[Exercise] Here the job is to copy the data exactly and to exclude every image from it.

[Entries supplied]
>>>>>
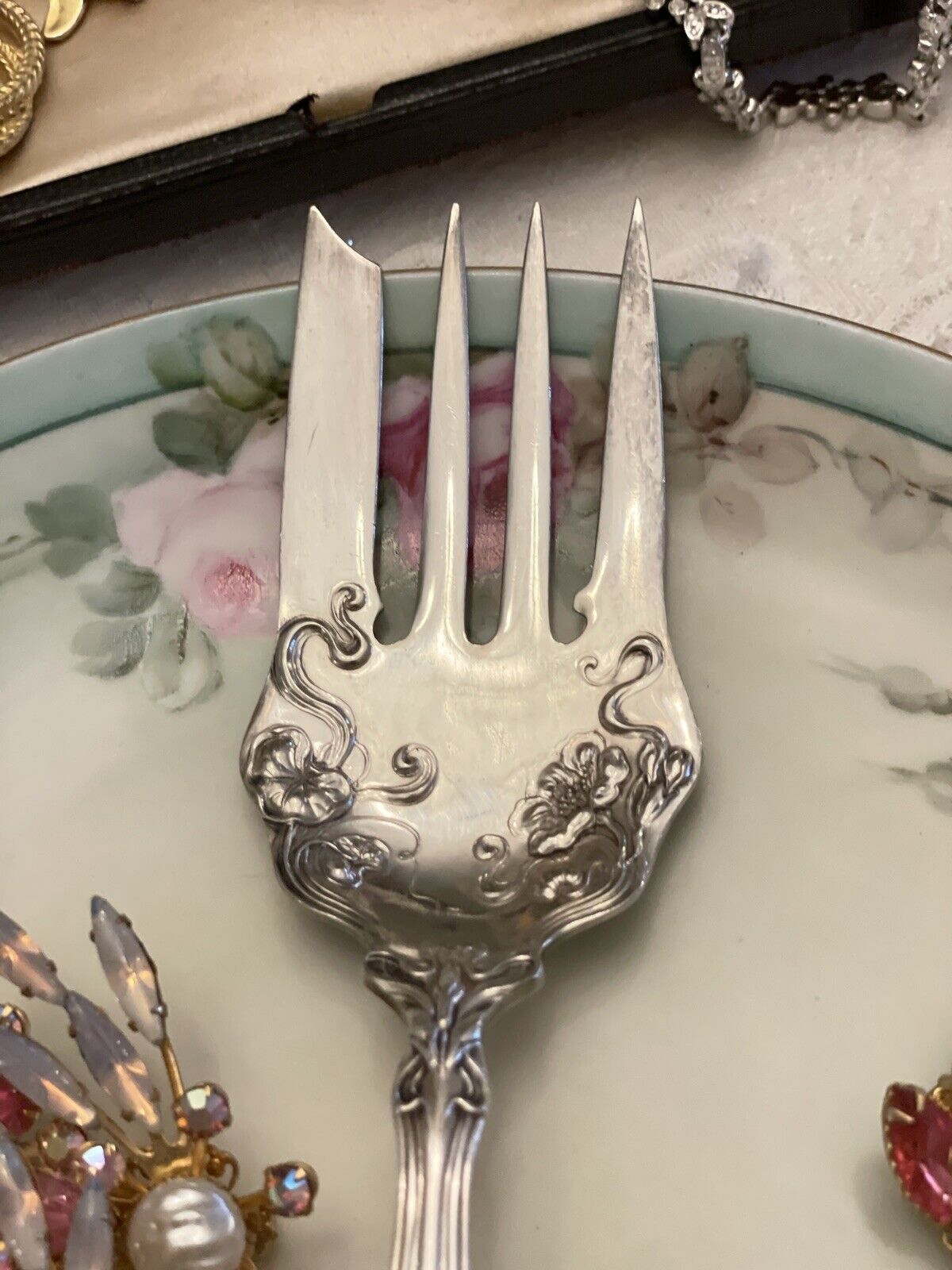 Antique BERWICK aka DIANA Cold Meat Serving Fork Rogers Pat. 1904 Silver Plate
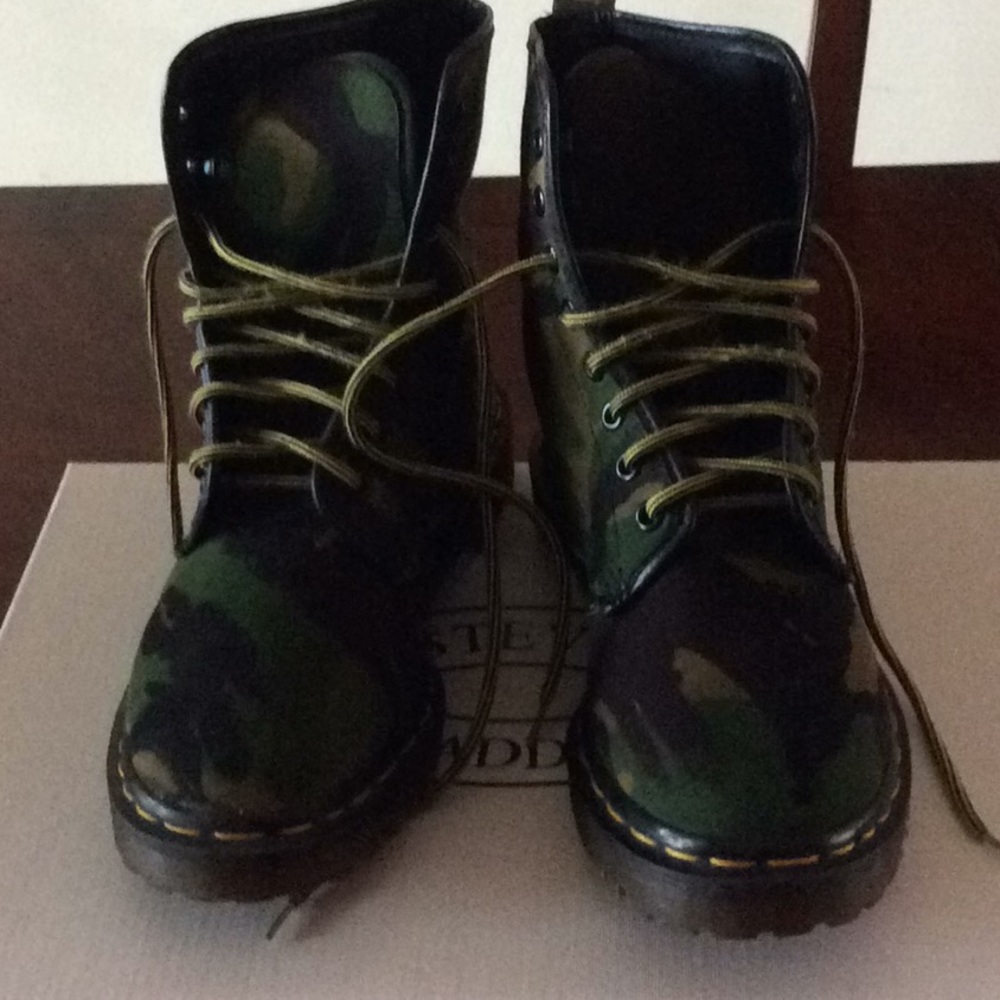 Dr.Martens boots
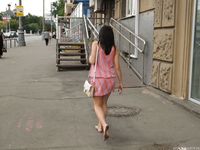 Feet - Olga F - 2015-11-13 A tiny barefoot girl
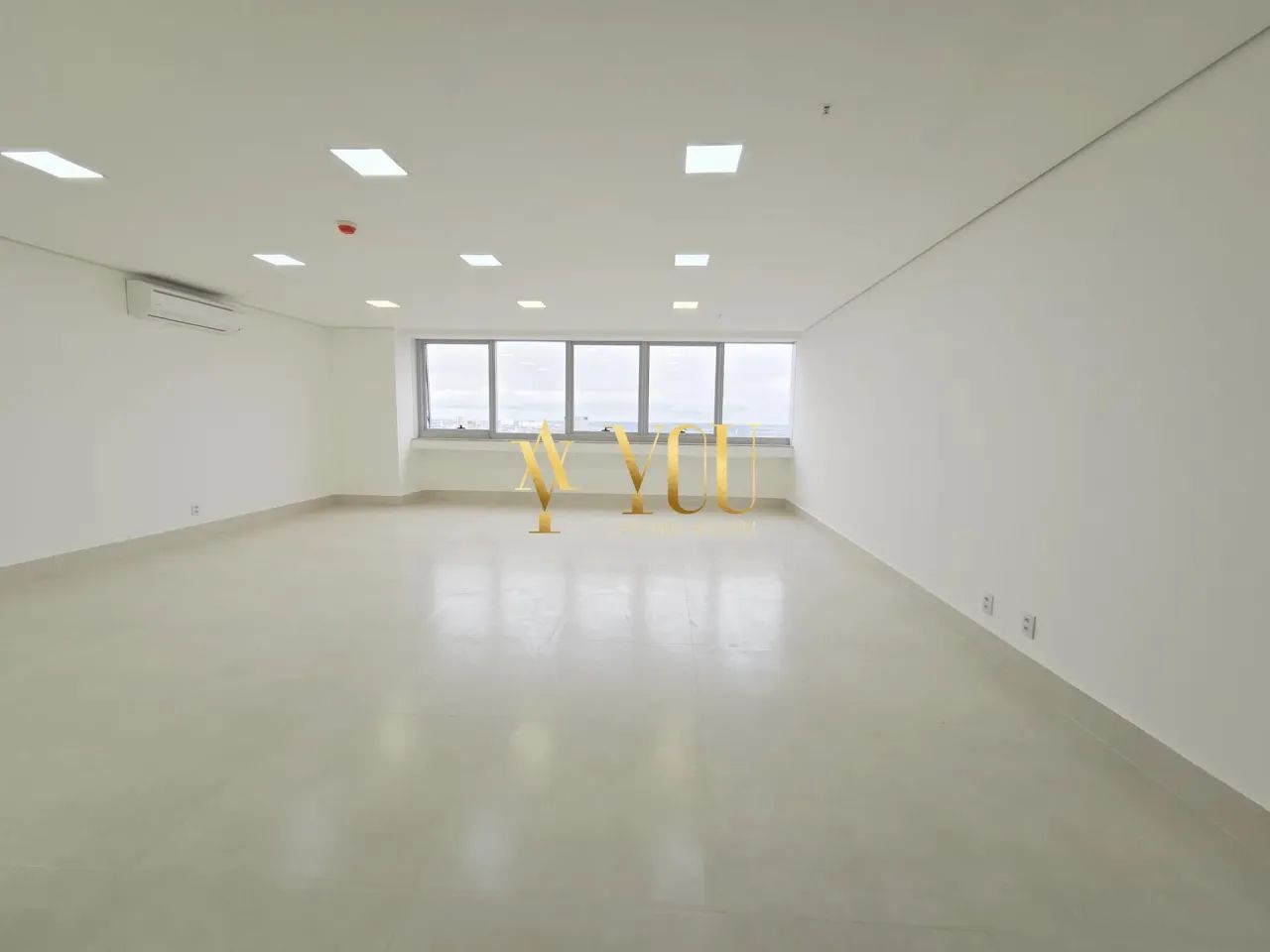 Sala Comercial com Acabamento e Ar Condicionado para Locação no Órion Complex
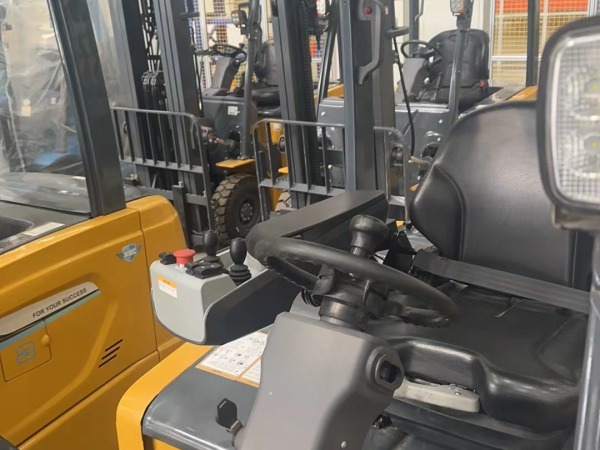 徐工XCB-P35電動(dòng)平衡重叉車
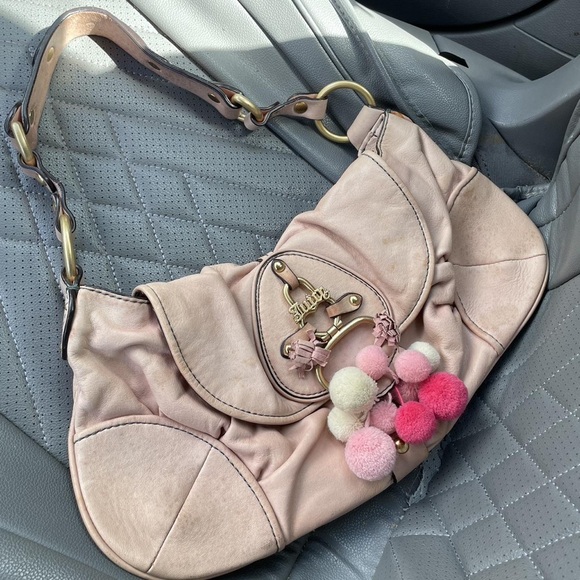 Juicy Couture Pink Shoulder Bag with Gold Accents - Picture 2 of 5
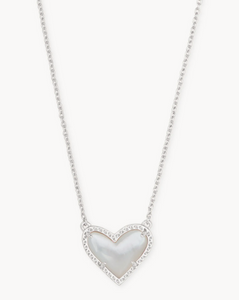 Kendra Scott Ari Short Pendant Necklace in Silver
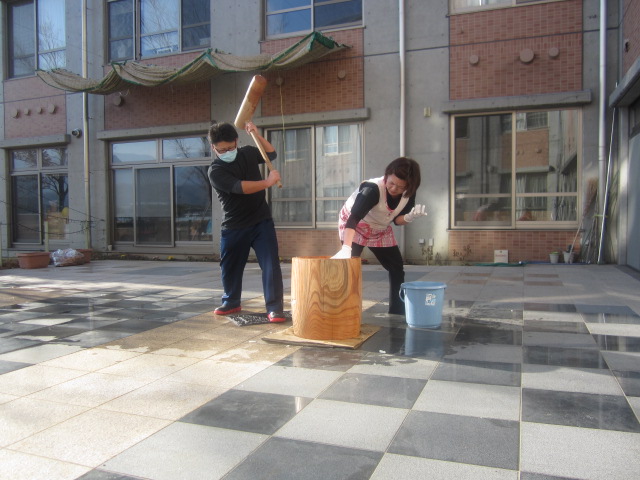 ~餅つき大会~_e0191174_1774390.jpg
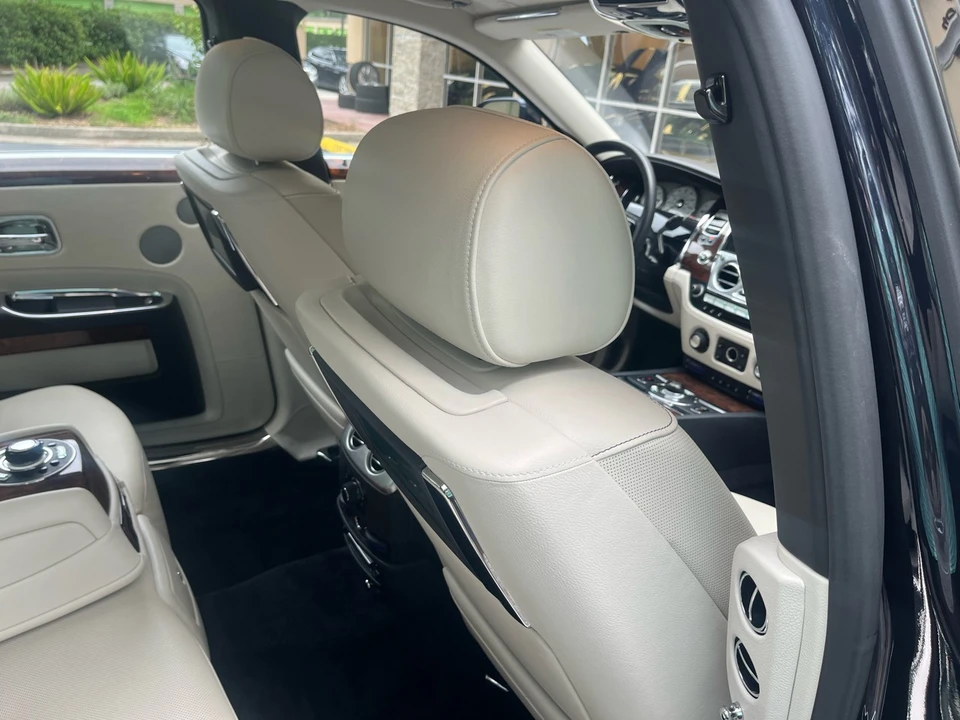 2012 Rolls-Royce Ghost 1st Gen - Image 31 of 31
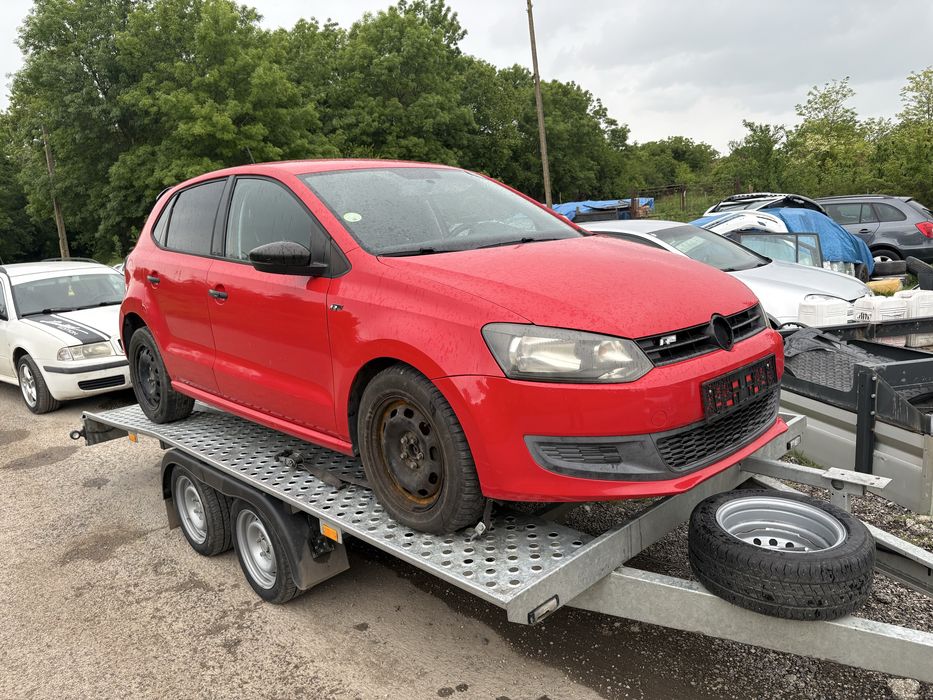 VW Polo 1.6 TDI на части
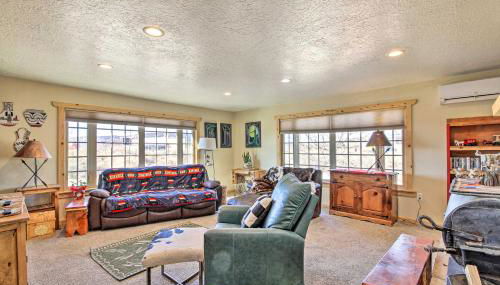 Stunning San Ysidro Homestead with Large Porch! - Foto 4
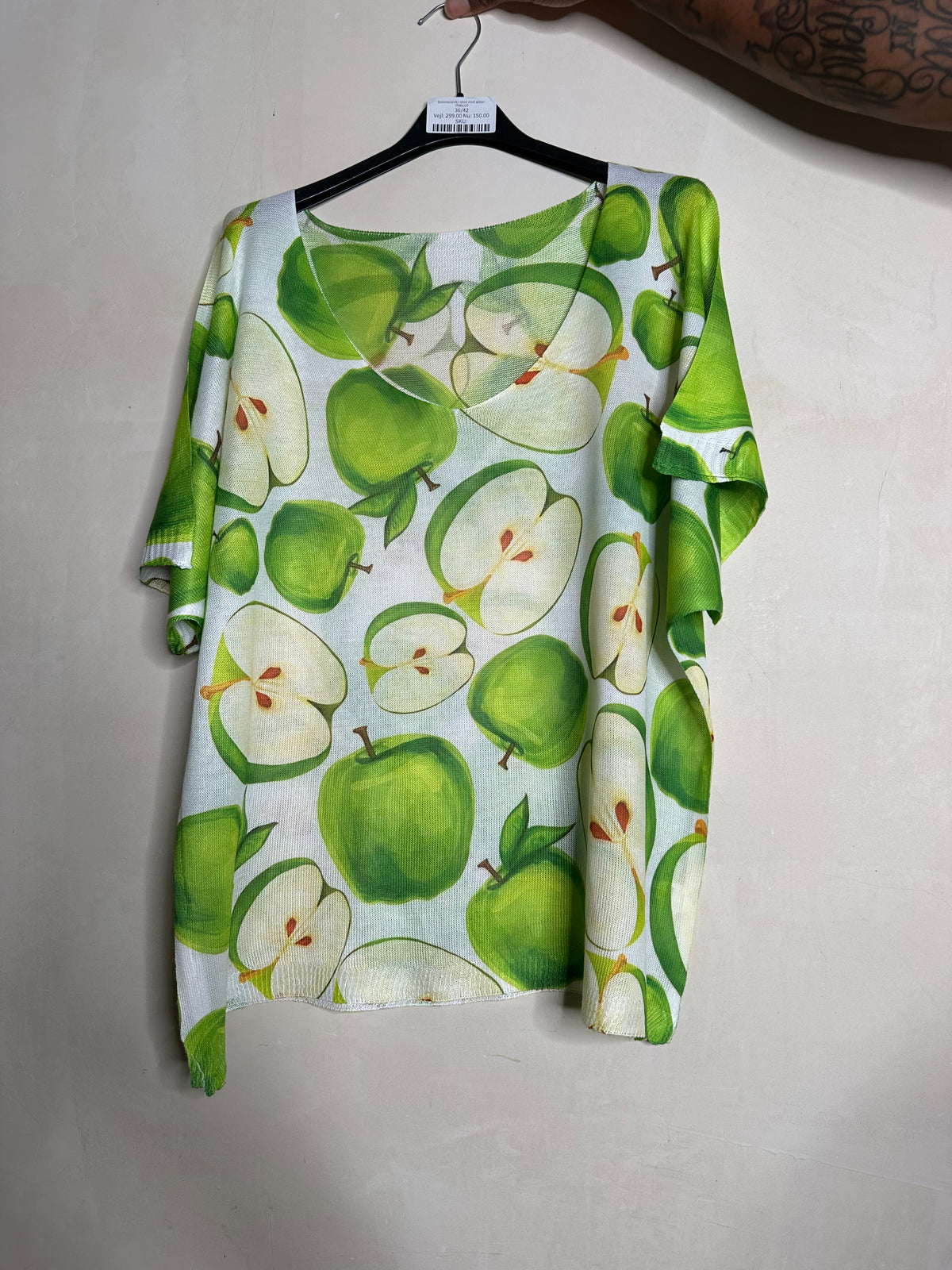 Sommerstrik t shirt med æbler - ITMAJ25 by Ohlala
<<<<<
[Response to the exercise]
 Antique BERWICK aka DIANA Cold Meat Serving Fork Rogers Pat. 1904 Silver Plate
 Dr.Martens boots
 Feet - Olga F - 2015-11-13 A tiny barefoot girl
 Sala Comercial com Acabamento e Ar Condicionado para Locação no Órion Complex
 徐工XCB-P35電動(dòng)平衡重叉車
 Juicy Couture Pink Shoulder Bag with Gold Accents - Picture 2 of 5
 Kendra Scott Ari Short Pendant Necklace in Silver
 ~餅つき大会~_e0191174_1774390.jpg
 2012 Rolls-Royce Ghost 1st Gen - Image 31 of 31
 VW Polo 1.6 TDI на части
 Stunning San Ysidro Homestead with Large Porch! - Foto 4
 Sommerstrik t shirt med æbler - ITMAJ25 by Ohlala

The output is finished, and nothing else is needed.